I think you are right, too.

speedfreek
2009-Apr-16, 10:21 PM
I am not an expert by any stretch of imagination. Yet have hung around this board long enough to realize that you have to pay careful attention to post #5 in order to have a realistic model. Distances are not absolute. AC might be 3 meters from the vantage point of A at time t0 while/and AC might be 4 meters from the vantage point of B at time t0. And to make things even more fun neither A, B, nor C are required to agree on when t0 is. To have a true model you will have to have attributes for all points in different arrays for each point. In other words the observance of speeds/locations is relative and the binding rule is the constancy of speed of any/all beams of light from all vantage points. Do not think of location, speed or time as absolute, defined or definable parameters. :whistle::whistle::whistle:

This is definitely very important for the model, if you want to model anything other than arbitrary coordinates in uniform expansion. The OP never specifically mentioned anything about our universe, they just asked about uniform expansion. ;)

EntroPyrexoR
2009-Apr-17, 04:47 PM
Again thank you all for you responses.

Yes Amber Robot, you were correct. Thank you. I believe I was hung up on the "rate-of-change" which really is the same, however it's not the rate of change but simply the change in distance which is ocurring more rapidly, so yes you were right.

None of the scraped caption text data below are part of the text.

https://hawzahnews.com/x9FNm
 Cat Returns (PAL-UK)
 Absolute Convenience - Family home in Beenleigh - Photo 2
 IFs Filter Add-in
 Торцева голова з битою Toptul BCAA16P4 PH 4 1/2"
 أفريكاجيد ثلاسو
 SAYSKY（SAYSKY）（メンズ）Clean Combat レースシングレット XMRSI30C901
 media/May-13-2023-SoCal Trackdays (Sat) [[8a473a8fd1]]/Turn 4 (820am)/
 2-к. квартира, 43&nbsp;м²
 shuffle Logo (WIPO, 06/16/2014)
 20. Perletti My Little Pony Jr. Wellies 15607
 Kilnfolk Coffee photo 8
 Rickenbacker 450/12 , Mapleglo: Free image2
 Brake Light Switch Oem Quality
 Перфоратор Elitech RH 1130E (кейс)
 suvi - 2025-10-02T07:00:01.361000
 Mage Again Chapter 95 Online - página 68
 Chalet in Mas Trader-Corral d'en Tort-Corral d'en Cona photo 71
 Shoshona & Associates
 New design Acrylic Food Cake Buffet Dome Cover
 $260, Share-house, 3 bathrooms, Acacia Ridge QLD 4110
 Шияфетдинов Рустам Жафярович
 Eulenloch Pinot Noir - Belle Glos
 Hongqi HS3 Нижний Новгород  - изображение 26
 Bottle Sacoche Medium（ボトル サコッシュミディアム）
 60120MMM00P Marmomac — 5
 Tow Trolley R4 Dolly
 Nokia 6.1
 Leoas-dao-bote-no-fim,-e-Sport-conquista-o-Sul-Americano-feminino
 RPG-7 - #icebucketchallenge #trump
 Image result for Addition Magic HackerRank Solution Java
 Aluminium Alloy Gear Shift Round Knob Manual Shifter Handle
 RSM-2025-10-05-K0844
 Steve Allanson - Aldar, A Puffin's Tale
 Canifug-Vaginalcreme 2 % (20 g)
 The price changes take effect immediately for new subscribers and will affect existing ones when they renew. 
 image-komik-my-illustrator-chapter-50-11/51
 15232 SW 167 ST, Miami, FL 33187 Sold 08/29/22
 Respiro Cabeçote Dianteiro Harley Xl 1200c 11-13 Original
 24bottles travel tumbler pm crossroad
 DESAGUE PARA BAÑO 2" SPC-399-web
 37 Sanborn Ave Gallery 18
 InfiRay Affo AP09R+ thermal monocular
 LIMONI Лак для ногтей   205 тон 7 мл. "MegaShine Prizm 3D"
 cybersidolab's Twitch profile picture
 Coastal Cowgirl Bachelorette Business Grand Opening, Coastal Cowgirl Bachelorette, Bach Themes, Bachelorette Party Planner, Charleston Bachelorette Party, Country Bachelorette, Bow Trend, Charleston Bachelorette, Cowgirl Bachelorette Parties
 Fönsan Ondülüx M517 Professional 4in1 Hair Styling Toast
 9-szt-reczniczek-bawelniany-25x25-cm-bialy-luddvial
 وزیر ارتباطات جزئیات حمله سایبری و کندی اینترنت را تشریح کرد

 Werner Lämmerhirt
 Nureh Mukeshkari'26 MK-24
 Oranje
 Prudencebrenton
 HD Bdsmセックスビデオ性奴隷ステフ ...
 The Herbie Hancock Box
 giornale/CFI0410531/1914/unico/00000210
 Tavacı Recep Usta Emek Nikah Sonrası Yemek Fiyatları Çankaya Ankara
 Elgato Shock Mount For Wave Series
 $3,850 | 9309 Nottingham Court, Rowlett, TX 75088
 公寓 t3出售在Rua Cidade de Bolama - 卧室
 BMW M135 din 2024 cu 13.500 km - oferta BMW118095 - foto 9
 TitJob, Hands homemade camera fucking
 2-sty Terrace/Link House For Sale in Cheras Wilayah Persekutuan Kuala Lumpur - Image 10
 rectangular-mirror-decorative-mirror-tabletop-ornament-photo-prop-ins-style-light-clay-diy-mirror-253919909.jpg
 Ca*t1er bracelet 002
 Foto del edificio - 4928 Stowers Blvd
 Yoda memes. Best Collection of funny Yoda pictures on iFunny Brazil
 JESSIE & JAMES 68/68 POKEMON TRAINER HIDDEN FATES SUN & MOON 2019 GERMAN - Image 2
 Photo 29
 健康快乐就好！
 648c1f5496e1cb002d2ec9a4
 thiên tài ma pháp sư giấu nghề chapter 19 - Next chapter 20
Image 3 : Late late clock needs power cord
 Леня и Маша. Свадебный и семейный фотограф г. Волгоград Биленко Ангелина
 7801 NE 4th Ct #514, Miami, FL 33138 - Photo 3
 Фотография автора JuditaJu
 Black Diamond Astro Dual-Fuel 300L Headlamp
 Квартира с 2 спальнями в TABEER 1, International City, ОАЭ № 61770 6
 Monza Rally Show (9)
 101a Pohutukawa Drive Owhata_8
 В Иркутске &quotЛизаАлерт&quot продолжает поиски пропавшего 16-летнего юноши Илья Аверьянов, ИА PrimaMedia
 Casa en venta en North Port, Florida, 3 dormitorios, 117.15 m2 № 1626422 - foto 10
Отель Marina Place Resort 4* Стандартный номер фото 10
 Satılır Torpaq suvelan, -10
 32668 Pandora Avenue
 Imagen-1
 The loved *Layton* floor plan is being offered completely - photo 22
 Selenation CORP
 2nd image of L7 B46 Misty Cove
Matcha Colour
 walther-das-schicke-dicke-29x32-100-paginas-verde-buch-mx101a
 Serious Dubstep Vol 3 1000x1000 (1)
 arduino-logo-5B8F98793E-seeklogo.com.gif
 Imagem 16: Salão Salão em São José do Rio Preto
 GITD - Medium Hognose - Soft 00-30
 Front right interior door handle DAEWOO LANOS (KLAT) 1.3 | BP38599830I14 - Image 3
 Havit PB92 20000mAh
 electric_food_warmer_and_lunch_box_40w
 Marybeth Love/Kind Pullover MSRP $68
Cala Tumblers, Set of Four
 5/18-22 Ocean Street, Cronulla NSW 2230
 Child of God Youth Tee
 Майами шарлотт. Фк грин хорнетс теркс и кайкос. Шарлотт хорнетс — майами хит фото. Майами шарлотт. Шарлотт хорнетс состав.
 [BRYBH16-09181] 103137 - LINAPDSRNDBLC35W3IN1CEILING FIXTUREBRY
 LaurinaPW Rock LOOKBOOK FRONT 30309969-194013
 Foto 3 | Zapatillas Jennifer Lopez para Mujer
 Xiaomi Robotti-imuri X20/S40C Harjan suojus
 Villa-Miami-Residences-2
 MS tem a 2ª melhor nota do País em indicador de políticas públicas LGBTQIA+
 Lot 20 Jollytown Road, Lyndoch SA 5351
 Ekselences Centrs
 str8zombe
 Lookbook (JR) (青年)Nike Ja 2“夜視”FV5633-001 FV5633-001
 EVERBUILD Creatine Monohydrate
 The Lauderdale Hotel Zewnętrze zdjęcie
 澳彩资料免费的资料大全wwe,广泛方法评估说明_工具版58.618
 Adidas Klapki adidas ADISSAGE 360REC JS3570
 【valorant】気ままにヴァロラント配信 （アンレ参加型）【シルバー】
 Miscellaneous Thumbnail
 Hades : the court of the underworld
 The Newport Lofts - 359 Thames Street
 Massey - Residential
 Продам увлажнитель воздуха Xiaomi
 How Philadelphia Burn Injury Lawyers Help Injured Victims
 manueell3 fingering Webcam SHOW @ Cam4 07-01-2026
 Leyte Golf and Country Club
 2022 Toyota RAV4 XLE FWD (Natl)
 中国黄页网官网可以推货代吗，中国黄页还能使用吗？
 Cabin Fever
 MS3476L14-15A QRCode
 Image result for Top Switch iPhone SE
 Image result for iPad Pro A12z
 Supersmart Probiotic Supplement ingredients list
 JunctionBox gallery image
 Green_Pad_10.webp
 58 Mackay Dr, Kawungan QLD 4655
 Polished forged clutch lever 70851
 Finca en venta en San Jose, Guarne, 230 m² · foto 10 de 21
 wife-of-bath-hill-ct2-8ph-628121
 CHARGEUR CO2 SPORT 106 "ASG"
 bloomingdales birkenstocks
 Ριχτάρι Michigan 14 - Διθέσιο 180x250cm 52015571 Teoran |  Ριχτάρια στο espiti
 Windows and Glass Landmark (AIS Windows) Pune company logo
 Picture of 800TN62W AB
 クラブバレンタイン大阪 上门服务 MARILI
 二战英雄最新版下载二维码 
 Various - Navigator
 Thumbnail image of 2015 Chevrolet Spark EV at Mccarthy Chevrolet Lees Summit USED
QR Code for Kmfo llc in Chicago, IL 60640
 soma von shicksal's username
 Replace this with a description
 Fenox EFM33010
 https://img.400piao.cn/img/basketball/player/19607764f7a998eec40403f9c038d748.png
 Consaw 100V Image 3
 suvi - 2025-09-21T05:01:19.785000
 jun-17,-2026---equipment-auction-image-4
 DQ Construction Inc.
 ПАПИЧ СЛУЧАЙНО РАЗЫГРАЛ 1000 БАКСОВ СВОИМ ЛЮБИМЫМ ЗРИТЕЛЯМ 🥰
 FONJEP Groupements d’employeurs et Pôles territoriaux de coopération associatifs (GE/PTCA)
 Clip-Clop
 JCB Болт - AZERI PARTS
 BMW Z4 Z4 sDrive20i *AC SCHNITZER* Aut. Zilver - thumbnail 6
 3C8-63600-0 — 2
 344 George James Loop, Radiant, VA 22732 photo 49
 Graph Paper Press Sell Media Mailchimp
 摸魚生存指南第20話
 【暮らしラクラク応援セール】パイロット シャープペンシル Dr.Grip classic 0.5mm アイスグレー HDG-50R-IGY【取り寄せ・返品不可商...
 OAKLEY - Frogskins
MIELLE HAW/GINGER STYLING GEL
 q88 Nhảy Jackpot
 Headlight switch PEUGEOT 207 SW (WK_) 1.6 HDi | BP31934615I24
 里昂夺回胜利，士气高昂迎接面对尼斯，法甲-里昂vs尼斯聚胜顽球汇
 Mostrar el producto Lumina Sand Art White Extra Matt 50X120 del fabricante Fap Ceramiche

No I'm not trying to mdel the expansion of the universe, just uniform expansion in general. When I said computers didn't lend their hand to this problem well, it's because if I have 100 coordinates I initially have to run O(n^2) on the coordinates to figure out the direction and distance they need to move for each interval. This is a horrible efficiency.

Amber Robot
2009-Apr-17, 05:54 PM
No I'm not trying to mdel the expansion of the universe, just uniform expansion in general. When I said computers didn't lend their hand to this problem well, it's because if I have 100 coordinates I initially have to run O(n^2) on the coordinates to figure out the direction and distance they need to move for each interval. This is a horrible efficiency.

Can't you just multiply all the coordinates by a single value?

EntroPyrexoR
2009-Apr-17, 08:31 PM
Can't you just multiply all the coordinates by a single value?

Yea I guess you could, but to make sense of it you'd have to recenter the middle of the viewing area by multiplying it by the same number.

A's vertices are: (2,2) (2,4) (4,4) (4,2)

B's vertices are: (4,4) (4,8) (8,8) (8,4)

So yea it works.

Amber Robot
2009-Apr-17, 09:17 PM
Yea I guess you could, but to make sense of it you'd have to recenter the middle of the viewing area by multiplying it by the same number.

A's vertices are: (2,2) (2,4) (4,4) (4,2)

B's vertices are: (4,4) (4,8) (8,8) (8,4)

So yea it works.

You can shift to whatever center point, multiply by the expansion factor, and then shift back.

pzkpfw
2009-Apr-17, 11:06 PM
Now that uniform expansion is accepted, I'm not sure what you are going to achieve.

You may as well just draw a picture in MS Paint or some other tool, then use the zoom function to expand it. (Except your points would expand).

Modelling it, you could multiply each point by a number, to expand the Universe, then divide by the same number to re-scale the drawing and keep it visible on screen.

You'd see no change (the picture would seem static).

(If you were drawing objects (Galaxies) instead of just maintaining points, those objects would appear to shrink.)

Much much harder, would be accurately modelling general expansion of the Universe, while keeping Galaxies (or other gravitationally bound objects) together. e.g. if your points were stars, some in different Galaxies; with the Galaxies staying together, but getting further from other Galaxies.

That's not been covered in this thread.